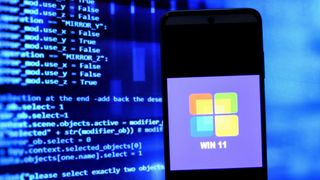 Microsoft Windows 11 logo on a smartphone set against a background of neon blue code on a screen to denote a cyber security theme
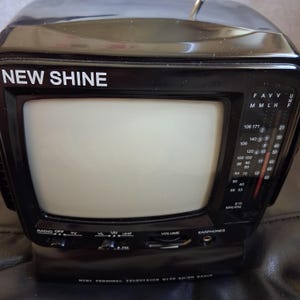 May include: A black New Shine mini personal television with an AM/FM radio. The device features a screen, a side-mounted frequency tuning panel with numbers, a volume dial, an earphone jack, and switches for radio, TV, and band selection.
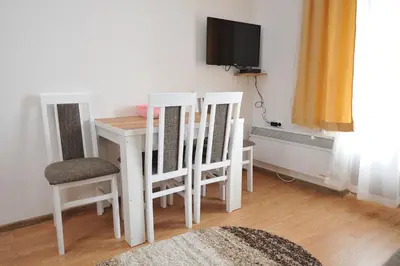 a room with a table and chairs and a tv at Kopaonik Apartman Sanja in Kopaonik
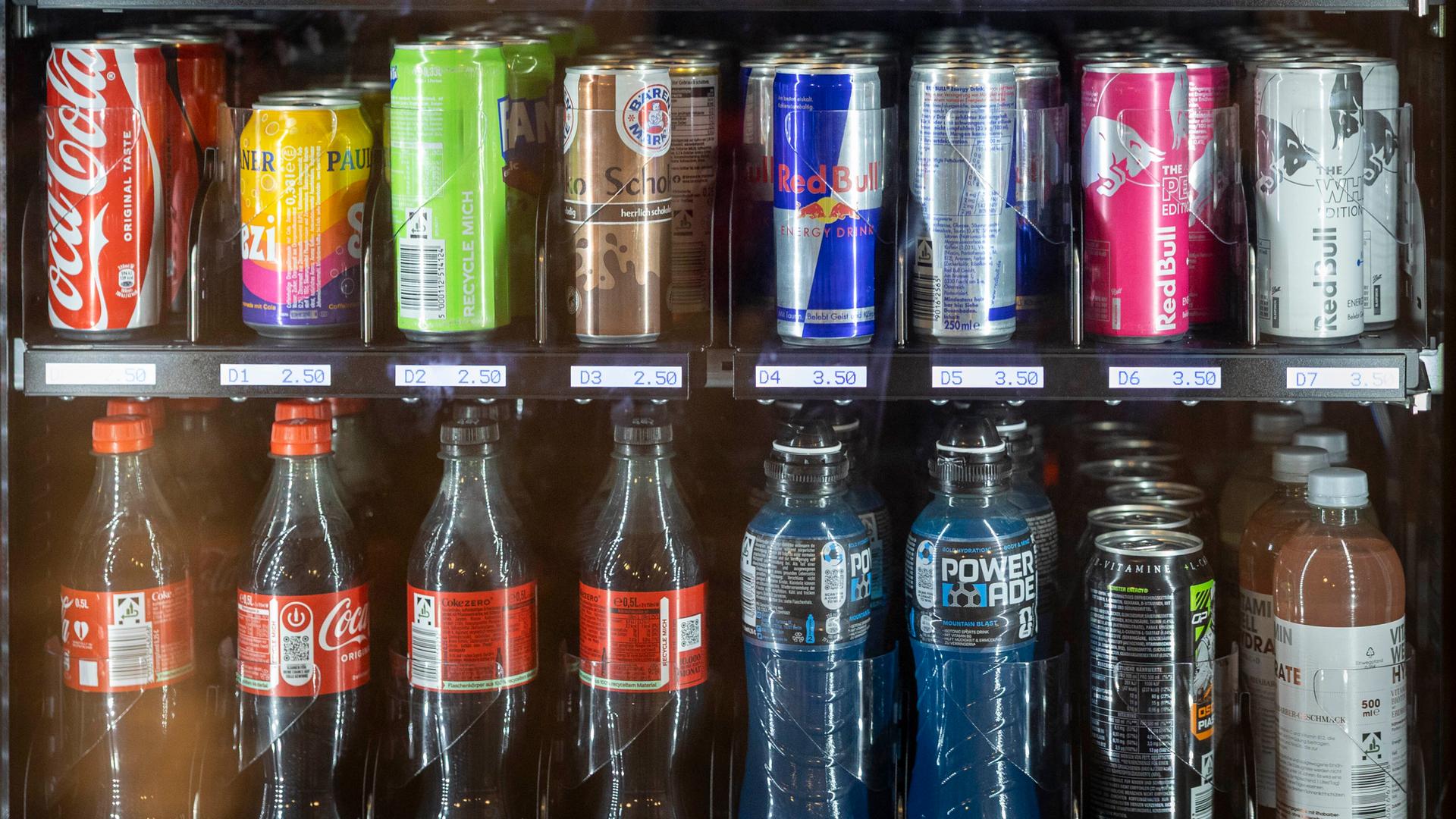 Eine Nahaufnahme eines Snackautomat in der Berliner U-Bahn Station Heidelberger Platz indem verschiedene Softdrinks und darüber Schokoriegel zu sehen sind.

*TASK ITEM*
Set down again, exactly, the lines of the material above from its first line to the one with "May include: A", inclusive. Leave the pictures out.

*RESPONSE AREA*
 Microsoft Windows 11 logo on a smartphone set against a background of neon blue code on a screen to denote a cyber security theme
 May include: A black New Shine mini personal television with an AM/FM radio. The device features a screen, a side-mounted frequency tuning panel with numbers, a volume dial, an earphone jack, and switches for radio, TV, and band selection.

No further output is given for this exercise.